### YOUR ASSIGNMENT:
Using the listing below, print exactly everything from the line with "this 150×150 image." down to the line with "this 105×105 image.", both included, and nothing more.

### PROVIDED RECORDS:

..........

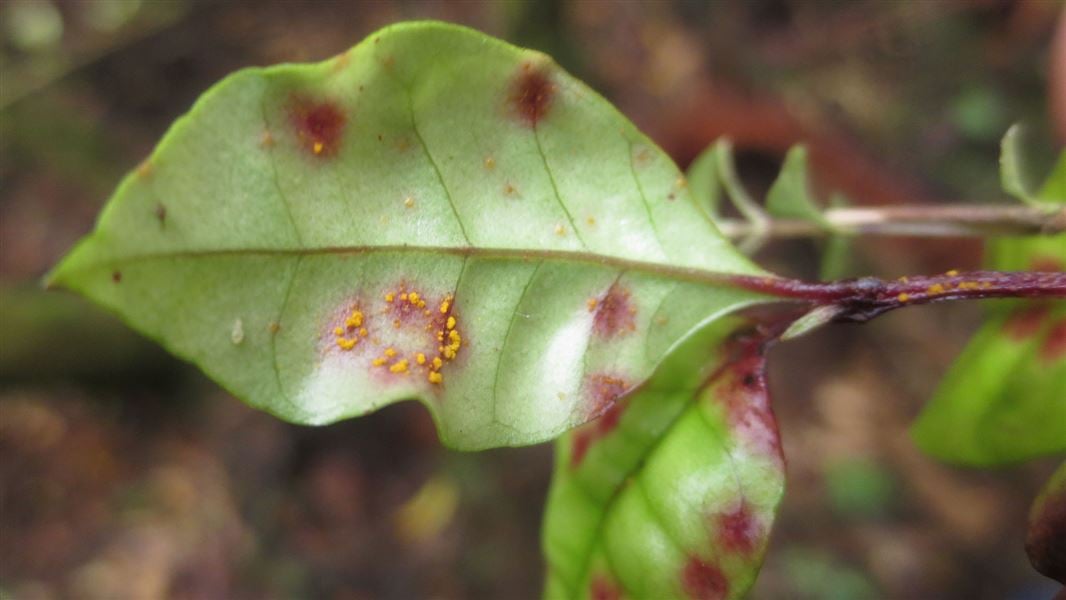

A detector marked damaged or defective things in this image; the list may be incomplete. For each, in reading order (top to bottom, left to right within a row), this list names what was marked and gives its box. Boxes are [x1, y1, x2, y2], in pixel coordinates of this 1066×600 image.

..........

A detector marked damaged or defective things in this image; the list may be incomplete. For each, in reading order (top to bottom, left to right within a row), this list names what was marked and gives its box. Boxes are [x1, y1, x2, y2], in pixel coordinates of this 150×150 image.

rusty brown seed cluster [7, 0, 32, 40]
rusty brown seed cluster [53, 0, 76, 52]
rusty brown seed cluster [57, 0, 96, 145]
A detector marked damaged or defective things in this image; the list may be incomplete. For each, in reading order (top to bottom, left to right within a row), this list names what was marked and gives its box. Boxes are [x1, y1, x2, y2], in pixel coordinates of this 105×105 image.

..........

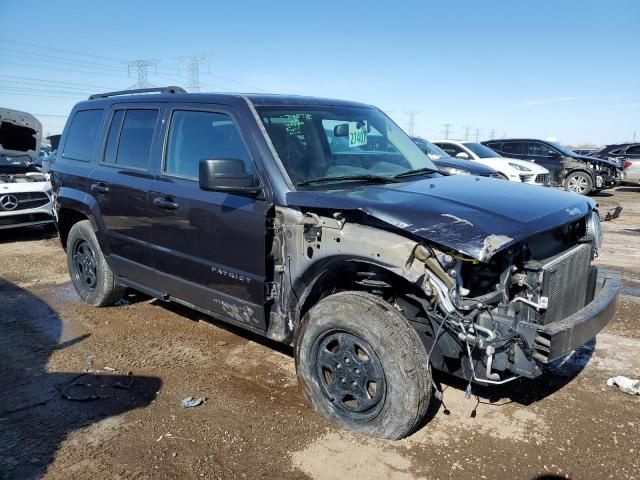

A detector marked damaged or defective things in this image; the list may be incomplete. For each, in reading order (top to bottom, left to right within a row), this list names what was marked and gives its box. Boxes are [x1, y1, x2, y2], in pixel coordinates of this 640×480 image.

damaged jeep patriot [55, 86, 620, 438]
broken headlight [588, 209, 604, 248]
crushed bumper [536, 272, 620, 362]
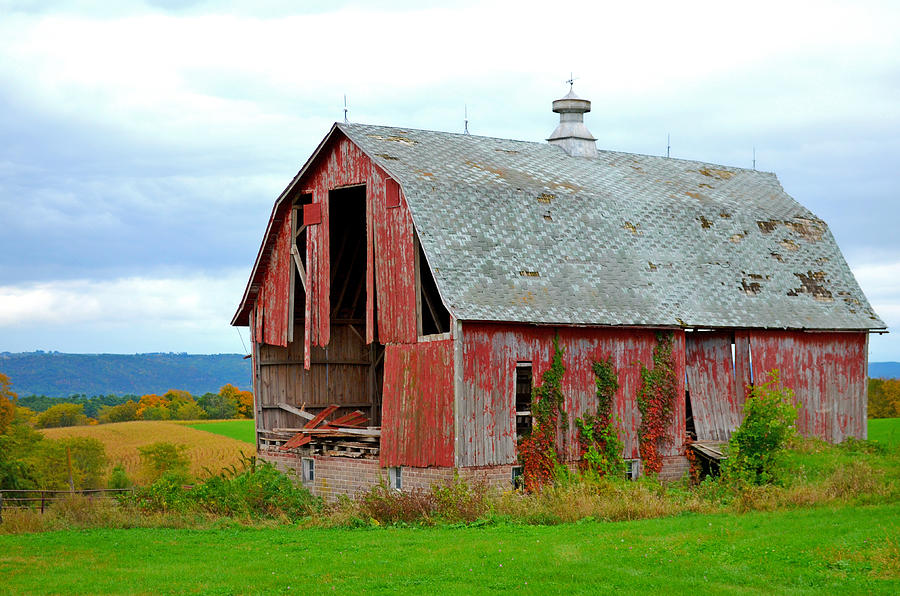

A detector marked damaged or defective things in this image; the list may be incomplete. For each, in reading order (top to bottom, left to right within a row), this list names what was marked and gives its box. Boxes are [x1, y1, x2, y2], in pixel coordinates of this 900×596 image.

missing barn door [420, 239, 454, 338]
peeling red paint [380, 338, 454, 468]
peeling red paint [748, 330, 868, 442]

..........

### EXERCISE OUTPUT:
A detector marked damaged or defective things in this image; the list may be incomplete. For each, in reading order (top to bottom, left to right within a row), this list names what was marked and gives its box. Boxes are [x1, y1, x2, y2], in pixel coordinates of this 150×150 image.

rusty brown seed cluster [7, 0, 32, 40]
rusty brown seed cluster [53, 0, 76, 52]
rusty brown seed cluster [57, 0, 96, 145]
A detector marked damaged or defective things in this image; the list may be incomplete. For each, in reading order (top to bottom, left to right within a row), this list names what was marked and gives its box. Boxes are [x1, y1, x2, y2], in pixel coordinates of this 105×105 image.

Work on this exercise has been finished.